Еще одно пищевое воспоминание тех лет (скорее всего, апреля 1944-го) мамин день рождения, который вообще праздновался редко, но для сорокалетнего юбилея могло быть сделано исключение. Гостей было немного, сидели не в “столовой” (папином кабинете), а в средней комнате (будущей моей). Была мамина любимая младшая двоюродная сестра, красавица тетя Саночка (Сусанна Абрамовна), потом рано умершая (раньше мамы, которая ее смерть переживала тяжело и пережила ненадолго), был наш сосед по квартире, дедушка (очень добрый, хотя и очень-очень двоюродный) Давид Исаевич (Шейнис). Он принес маме маленькую баночку сметаны (граммов 100–150). Достать такое тогда было трудно, и подарок был маме особенно дорог, потому что масла она есть не могла.
В том же году или немного позже, уже на мой день рождения, две гостьи не сговариваясь испекли похожие сладкие пирожки, бросив вызов дипломатическим способностям именинника.

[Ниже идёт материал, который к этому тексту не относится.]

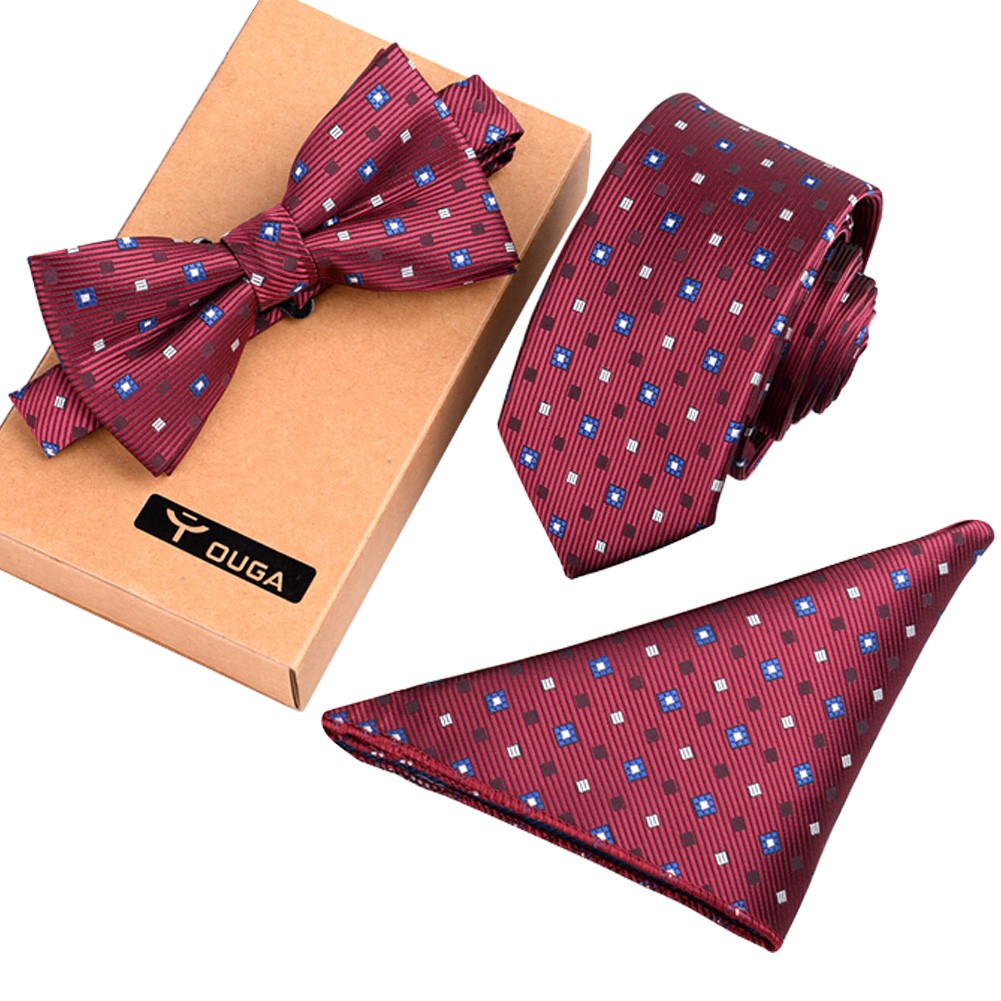 Mens Formal/Informal Ties Set, Red Fashionable Necktie/Bow Tie/Pocket Square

Опять-таки со слов умиленных родителей, известен его соломонов вердикт:
– Они одинаково вкусные, хотя разного вкуса.
Не знаю, как увернуться от обвинений в нарциссизме, да еще по поводу малопримечательного детского лепета, но не удержусь от того, чтобы усмотреть в двух чудом спасенных от забвения высказываниях прообразы моей любви к четко замкнутым сюжетам и к, казалось бы, взаимоисключающим поэтическим системам.
Котлеты моей мамы
Консерватизм психологически понятен еще и потому, что нашим прошлым является детство, сохраняющее притягательность, даже если проходило оно не в лучших условиях.

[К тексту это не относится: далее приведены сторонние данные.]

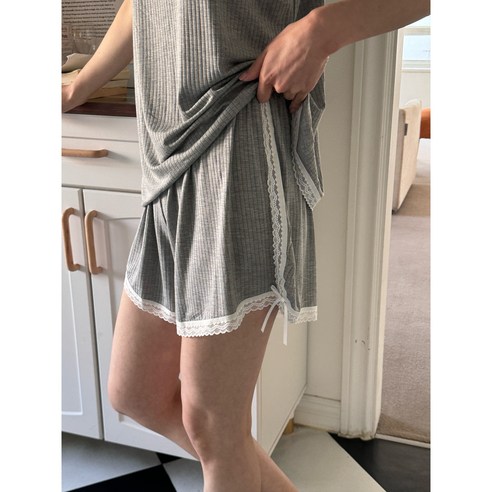 52홈 순면 나시 잠옷 세트, 여름밤의 편안한 숙면을 책임지다.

Два года моего детства – от четырех до шести – пришлись на эвакуацию. Мы жили сначала в совхозе под Свердловском, а потом в самом городе, на ВИЗе, в поселке Верхне-Исетского завода. Папа[3] работал в Свердловской и переведенной на Урал Киевской консерваториях, так что мы не голодали. Все же питались мы (папа, мама, папина мама и я) много скромнее, чем раньше; часто ужин состоял из картофельного блина, крест-накрест разрезанного на четыре части.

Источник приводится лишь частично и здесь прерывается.